When people ask me what I do for work, I generally just say ‘research’, ‘math(s)’ or ‘data science’ and hope they stop talking. It’s not that I don’t love my job, it’s just that I get really really bored by small talk, and most people don’t really care in the first place.
In the case that the other person’s interest is actually piqued (or, I suppose, that they really have nothing else to say and no-one else to talk to), I go on to describe how I draw on whiteboards, erase what I’ve drawn on whiteboards, make some graphs on a computer, look at the graphs, delete the graphs, and then go home. This, combined with the fact that my occasional stint of working at home is often indistinguishable from staring blankly into the distance, often leads people to think that I do essentially nothing.
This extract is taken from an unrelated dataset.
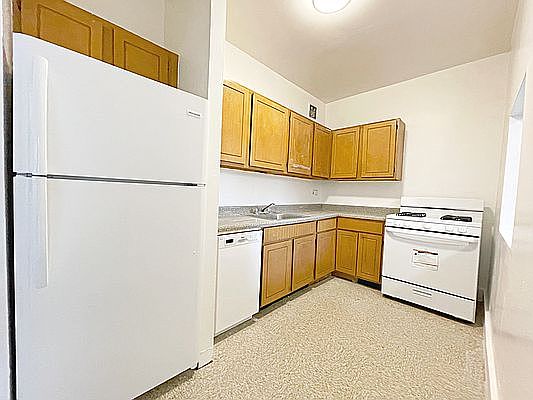 2nd image of 770 Saint Nicholas Ave APT 7D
As such, it’s always nice when there’s a tangible output to what I’ve done, and people end up using something I’ve invented in their real lives. Last year I filed a couple of patents and had a research paper published, and this year the algorithms behind those are now starting to help experts in cancer research, lawyers and traders to do the things they do.
Less spiritually fulfilling, but much more instantaneously gratifying, I also won the Thomson Reuters Inventor of the Year award for one of the 2011 patents, which comes with a cash prize and the opportunity to subvert professional norms by offering a photo of me doing Capoeira in Central Park as my caption for the announcement.
Next goal, get an award that’s actually recognised outside of my company. Or, at least, some new whiteboard pens.